Corporate structure and cost management
As announced in September 2004 Converium will adjust its cost base to the expected, smaller business volume in order to remain cost-competitive. In light of the January 1 renewal results and the business projections for 2005 and 2006, the Board of Directors and the Global Executive Committee have agreed to implement a plan that is designed to cut budgeted annual administrative expenses for its ongoing operations to a ratio of approximately 6.5% of net premiums written in 2006. In order to achieve this goal redundancies in all major locations are unavoidable. The Company is committed to taking the necessary measures in a responsible way. In this context, Converium will also streamline its global network of subsidiaries, branches and representative offices. Initial measures include the use of third-party management services for the administration of the Company's Bermuda and Australia branches as of the end of the first quarter of 2005.
Business Development
The following are comments on the development of Converium's three main business segments and the Corporate Center. Reference is made to the tables attached to this press release.
Standard Property & Casualty Reinsurance represented approximately 40.9% of total net premiums written in 2004. For the full year 2004 and the 4th quarter 2004 the Standard Property & Casualty Reinsurance segment of Converium reported a segment loss of US$ 12.5 million and US$ 40.3 million, respectively, which is largely attributable to the impact from prior years, i.e. reserve strengthening, reductions of ultimate premium estimates, reductions of retrocessional recoveries and commutation gains, on the technical result (2004: US$ 132.0 million; 4Q2004: US$ 57.6 million) as well as the hurricanes in the U.S. and the Caribbean, the Japanese typhoons and the South Asia tsunami.

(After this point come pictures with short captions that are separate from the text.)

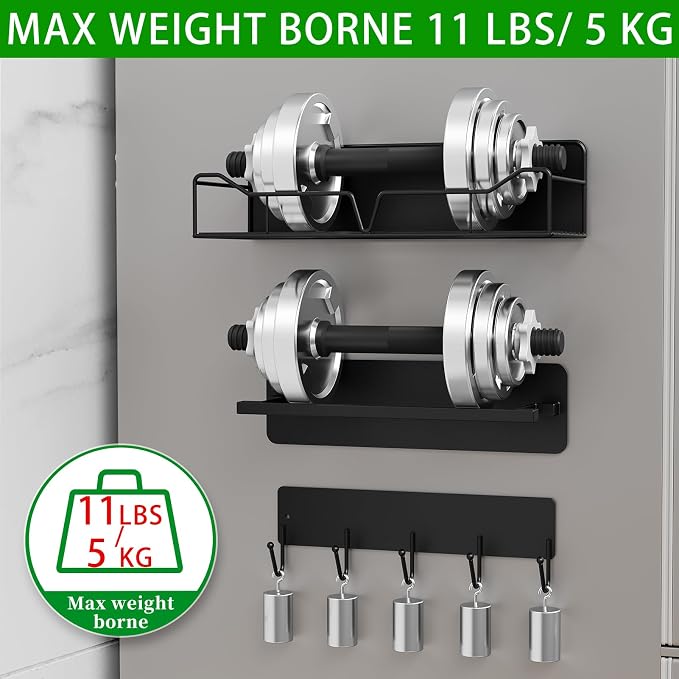 Magnetic Shelves for Washing Machine & Fridge Utentils Rack 5 Pack- Metal Heavy Duty Magnetic Shelf Magnetic Laundry Organizer with Hooks and Towel Holder for Magnetic Laundry Room Storage (Black) - Image 5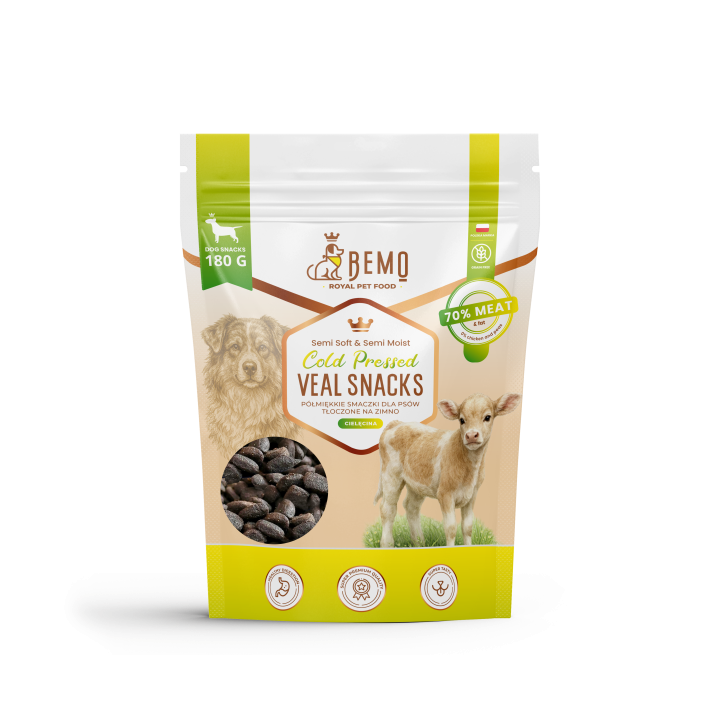 Bemo Cold Pressed Veal Snacks - halbfeuchte Leckerlis mit Kalbfleisch, kaltgepresst für Hunde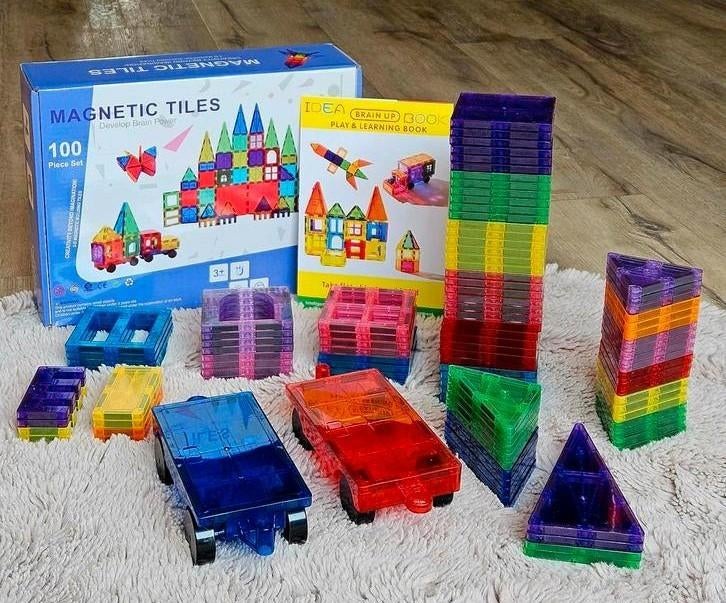 Magnetic Tiles | 100 delig | 2 auto's | Nieuw | 7,5 x 7,5 cm, Stichting Servitium, Info@stichtingservitium.nl, Nieuw, Ophalen of Verzenden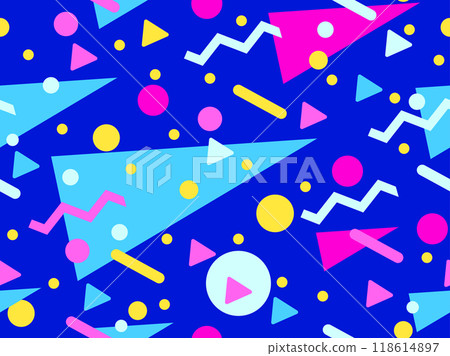 Geometric seamless pattern with elements of 80s memphis style. Geometric shapes circles, triangles and zigzags. Abstract design for print, wrappers, covers, banners and posters. Vector illustration 118614897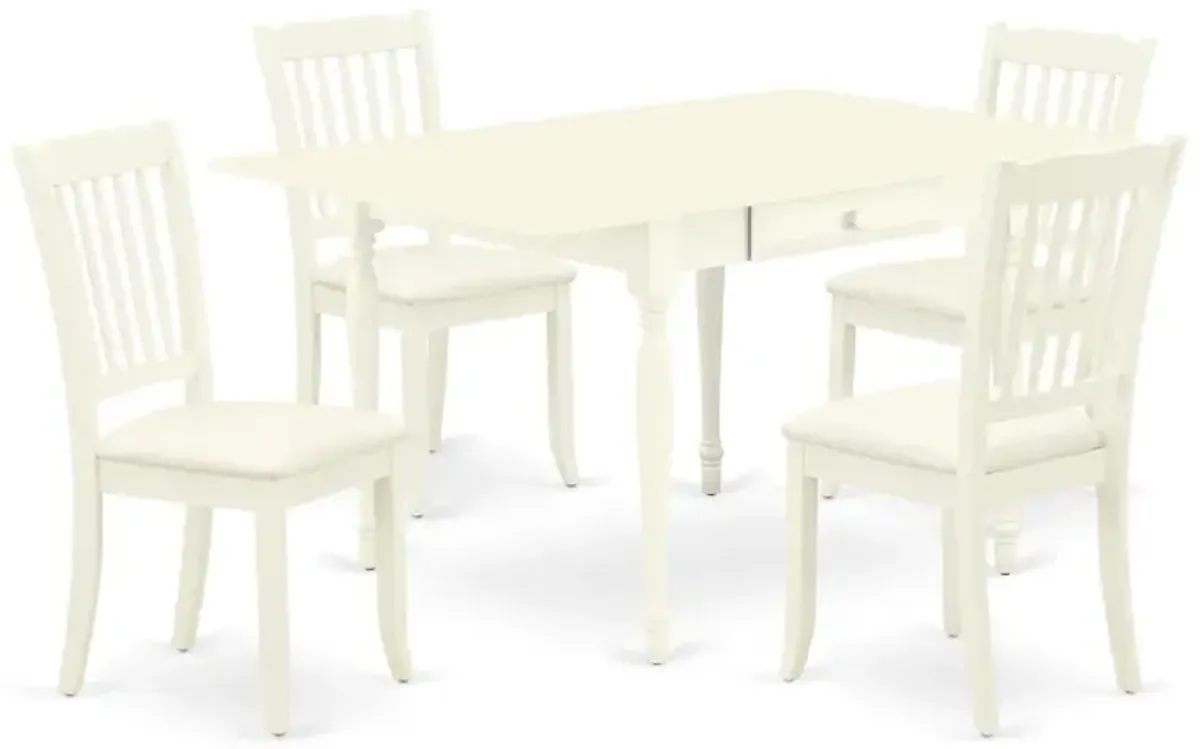 Dining Room Set Linen White, MZDA5-LWH-C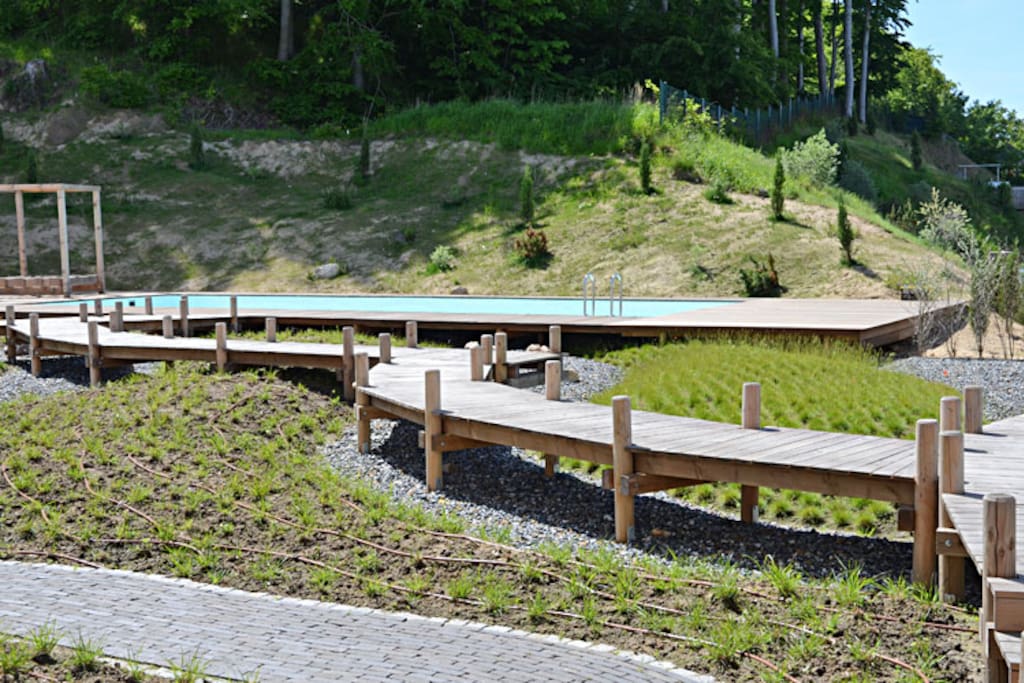 Die Gartenanlage am Aussenpool der Villen Philine und Claire im Ostseebad Sellin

In 2004, the Standard Property & Casualty Reinsurance segment recorded an adverse impact due to the development of prior years' loss reserves on the technical results of US$ 97.9 million, primarily related to net reserve strengthening in general third party liability (US$ 116.3 million) and motor liability outside the United States (US$ 91.7 million). These reserve additions were partially offset by positive developments related to property (US$ 82.1 million) and miscellaneous liability (US$ 60.5 million).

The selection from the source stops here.